Le nom qui revient en premier, c'est Marcelo Bielsa. « Bielsa m'a sauvé », a lâché Dimitri Payet. Ceux qui ont vécu la saison de l'Argentin sur le banc s'en souviennent bien : un Payet transformé, libéré, capable d'illuminer un match d'un extérieur du pied dont lui seul avait le secret. C'est là qu'il est devenu ce joueur qu'on a adoré, celui qui faisait lever le Vélodrome avant même de toucher le ballon.
Ce n'est pas un hasard s'il garde de cette période son plus beau souvenir en bleu et blanc. On parle d'un gamin de la Réunion arrivé sans certitude, reparti en légende du club. Entre les deux, des coups francs impossibles, des passes qu'on ne voyait pas venir, et cette sensation rare de regarder un joueur qui prend du plaisir sur le terrain. À l'OM, ça ne court pas les rues.
Il a aussi eu un mot pour l'équipe de France, dont il garde un souvenir ému. « Il n'y a rien de plus beau que l'équipe de France », a-t-il glissé, lui qui n'aura pas connu la carrière internationale que son talent laissait espérer. Un petit pincement au cœur, quand on repense à tout ce qu'il aurait pu faire avec les Bleus.
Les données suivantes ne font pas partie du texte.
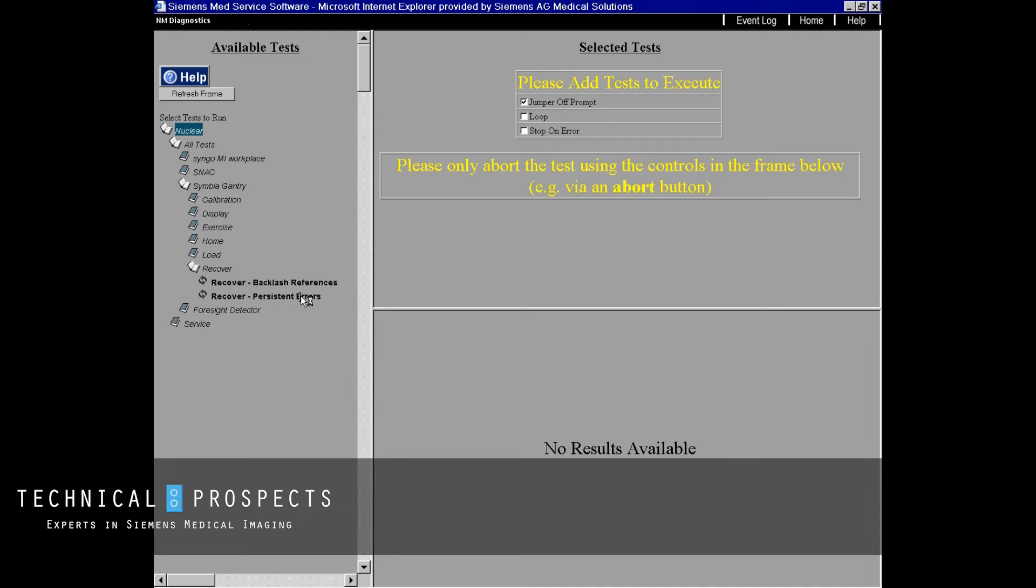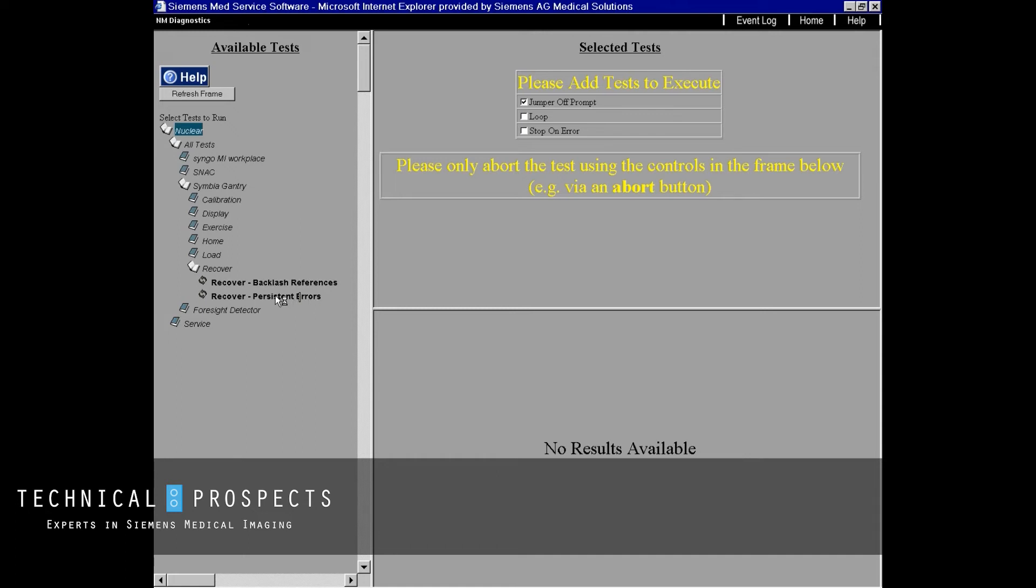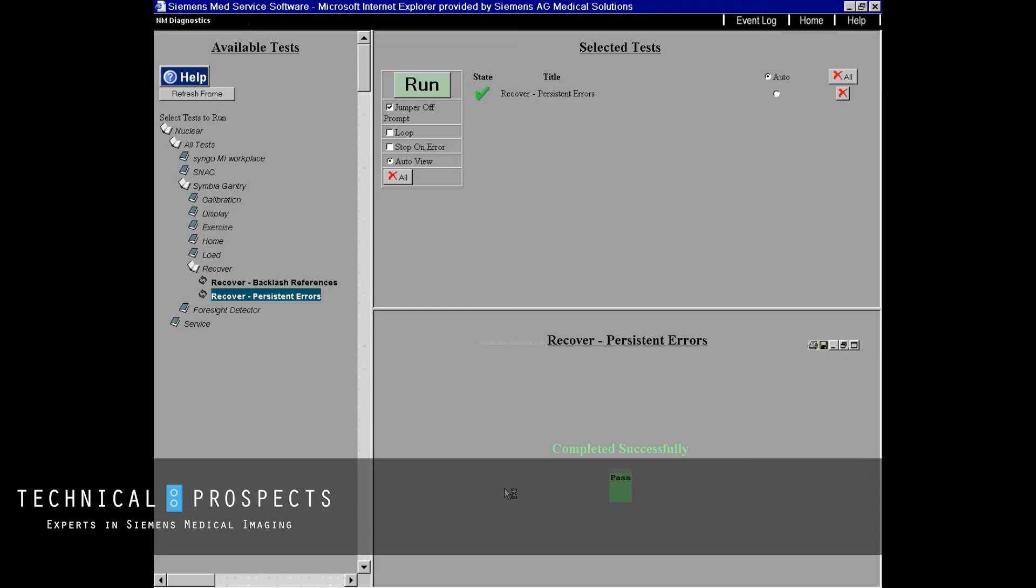This persistent error will latch sometimes when you have hard errors. By pressing this and then running it, you're now able to clear that latched error and continue on with your troubleshooting.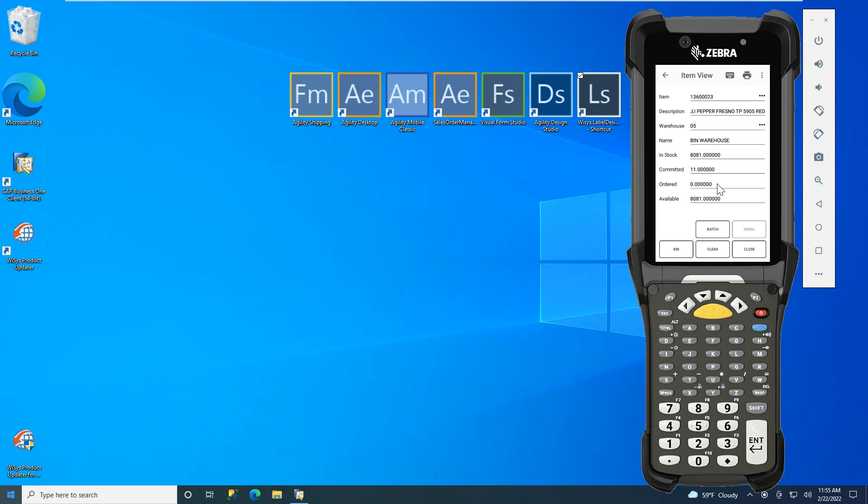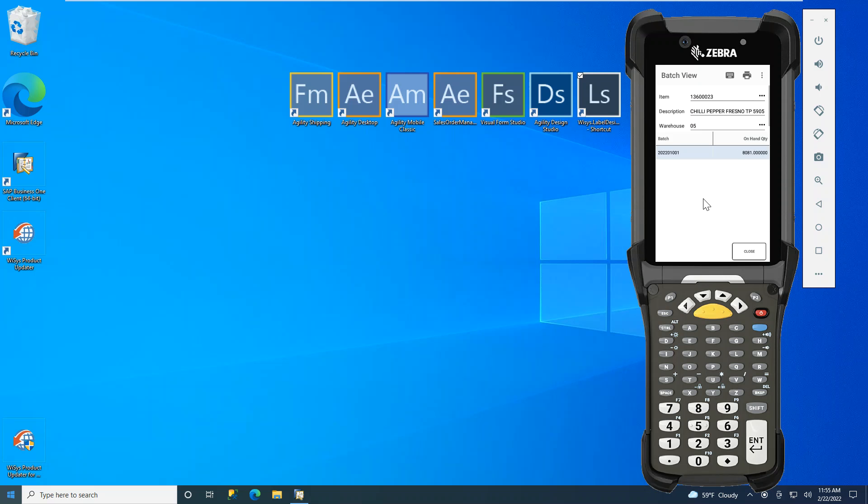I can take a deeper look now that the batch button, because this is a batch tracked item, this batch button is enabled. I can click the batch and see in that warehouse 05 the available batches that I have and the quantity on hand.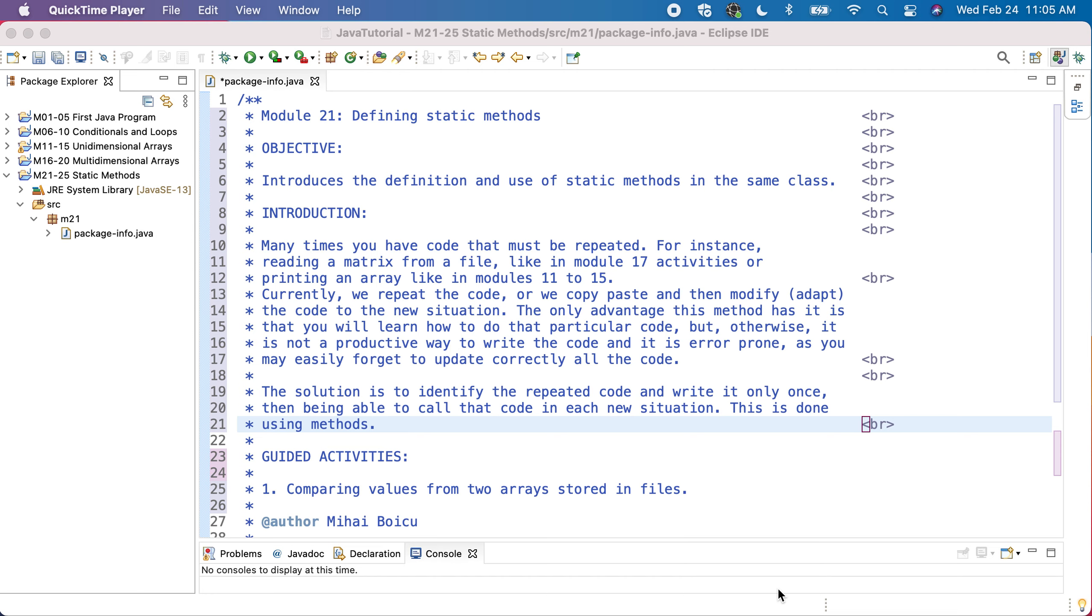So the solution is to identify what code is repeated and have a way in which we write it only once, and then we are able somehow to call that code in each new situation that appears. All programming languages are doing this with something special.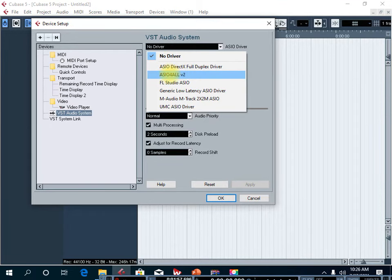You can see ASIO for All. If you want to record from a MIDI controller keyboard without any latency or delay, then you should choose ASIO for All. This is the best setting if you want to record MIDI from your MIDI controller keyboard.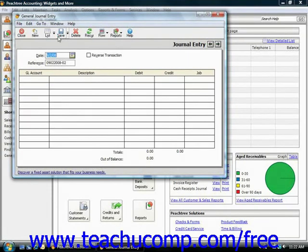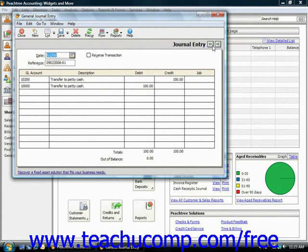In addition to the standard buttons at the top of the window, which you can use to open old journal entries, save entries, and so forth, you also have a Previous and a Next button in the upper right corner of this window and several other windows starting in Peachtree 2004. You can click these arrow buttons to cycle through previous or next entries shown in the general journal entry window.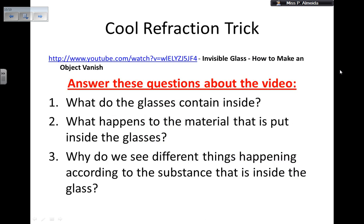So to finalize, that's the trick I told you I was going to tell you about: how you get invisible glass — how you make an object vanish. Make sure you pay attention to what the glass is contained inside, what happens to the material put inside the glass, what the material is — the oil and the glass, the Pyrex and the Wesson oil — and why we see different things happening according to the substance inside the glass. Try to answer those questions as you watch the video. That is it for today on refraction. Up to my next video — be happy and healthy, bye!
Aujourd'hui, pendant que le club court après de nouveaux visages sur le marché des transferts (le mercato OM tourne à plein régime en ce mois de juillet), ces mots font du bien. Ils rappellent une époque où un numéro 10 pouvait, à lui seul, réconcilier tout un stade avec son équipe.
On ne reverra pas deux fois un joueur comme lui. C'est peut-être ça, le plus dur à digérer. En attendant, la fiche de Dimitri Payet est toujours là, dans nos légendes, et elle n'est pas près d'en bouger.